I finally sold my father’s other guns when I was in graduate school. I needed the money, but I also just didn’t want them in my life anymore. What I really wanted was for them never to have existed. But once I sold them, I was surprised by this terrible feeling that I had sold off a part of my father, because I have so little of him left. He vanished with his suicide. We sold our land, also, that hunting ranch, for peanuts, stupidly, and it was mostly the land that held our family’s history and that connected all of us every year, scattered now.

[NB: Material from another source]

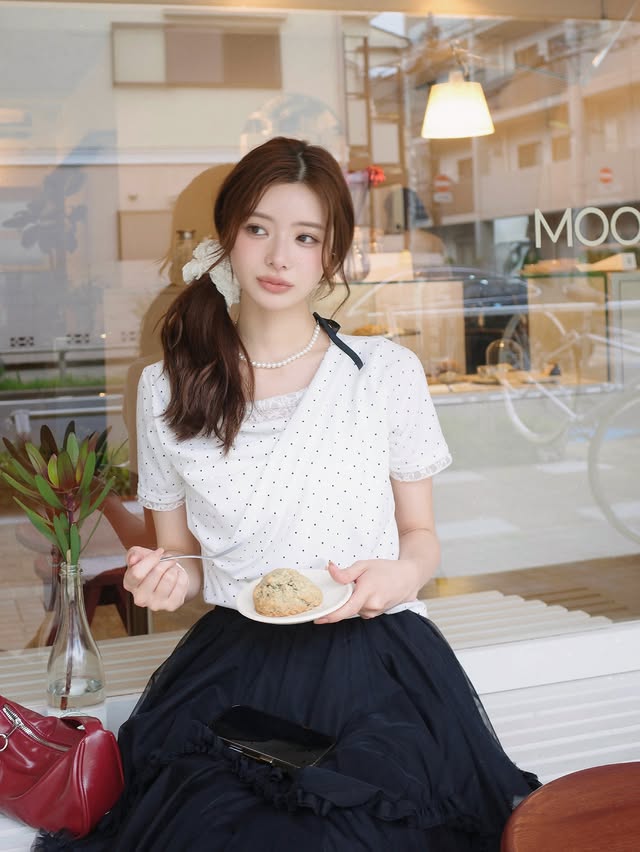 Instagram post by @non_niitsu for Moment. Caption reads: ☕️⋆⁺₊୨୧ tops: momentpulus skirt: frene #momentplus....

I still love my father, even twenty-nine years after his suicide. The feeling hasn’t diminished at all, hasn’t faded over time, but I have nothing left to attach it to. If I could hold his.300 magnum now, would he come back to me, some closer memory, some echo of hiking with him through live oak and manzanita, watching him raise that rifle high over his head as we pushed through brush? If I remember that rifle, really focus on it, I can remember the sunlight on my father’s light-brown curly hair, receding, his lopsided grin as he looked down at me. But more than that, I can almost remember how the moment felt, what it was like to be there with him, to hunt with him, what it was like to belong. My father was what attached me to the world.

It turns out I don’t really have that many similarities with Steve. I certainly don’t share his racism, libertarianism, love of horror, fascination with killers, military training, ambivalent sexuality and sprees online and with prostitutes, medication and mental health history, drug-dealer friends, tattoos, disturbing mother, interest in corrections, etc. But I did inherit all my father’s guns at thirteen, when I was most hyped up on hormones, and the world meant nothing to me after he put that pistol to his head. I had nothing to lose. And I had witnessed a lot of brutality.

I watched my father gut shoot two deer once. It was on the upper glade of our ranch. We spotted a group of deer, including two bucks. We were so far away, they couldn’t possibly sense us. My father sighted in with his.300 magnum. I watched through the binoculars.

A great boom like artillery, my father recoiling, and I saw the buck hit in the stomach, gut-shot. It fell over and began tumbling down the steep slope, gathering speed in the dry grass. It was screaming, just like a human being. The voice really the same.